Top of Data segment

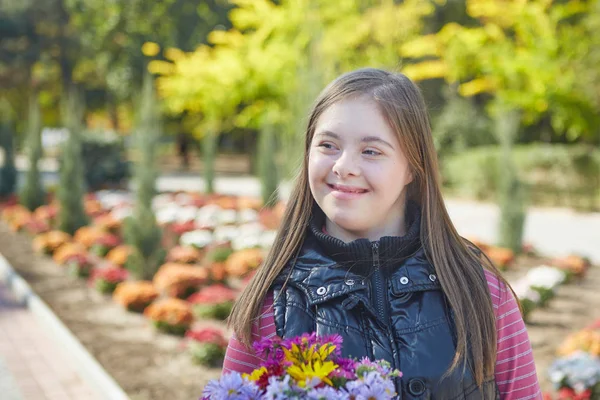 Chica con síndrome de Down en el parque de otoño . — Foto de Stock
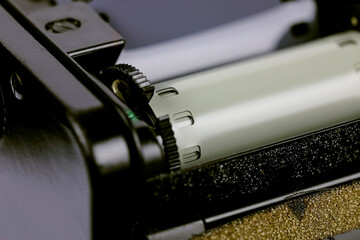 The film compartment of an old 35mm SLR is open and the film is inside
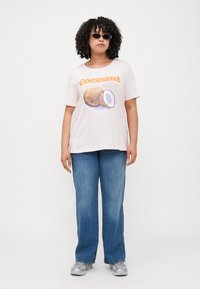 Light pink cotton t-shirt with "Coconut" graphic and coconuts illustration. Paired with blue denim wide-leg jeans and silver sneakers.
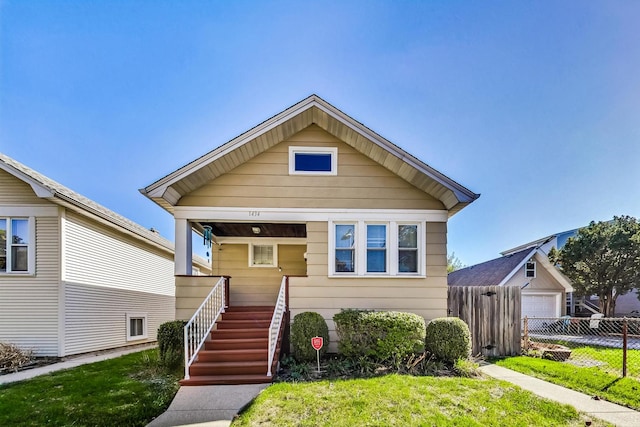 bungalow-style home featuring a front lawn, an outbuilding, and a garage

Bottom of Data segment

■ How to complete this task ■
Begin at the line containing "The film compartment" and stop at the final line of the data. Retype those lines exactly, without the pictures.

■ Solution to this task ■
 The film compartment of an old 35mm SLR is open and the film is inside
 Light pink cotton t-shirt with "Coconut" graphic and coconuts illustration. Paired with blue denim wide-leg jeans and silver sneakers.
 bungalow-style home featuring a front lawn, an outbuilding, and a garage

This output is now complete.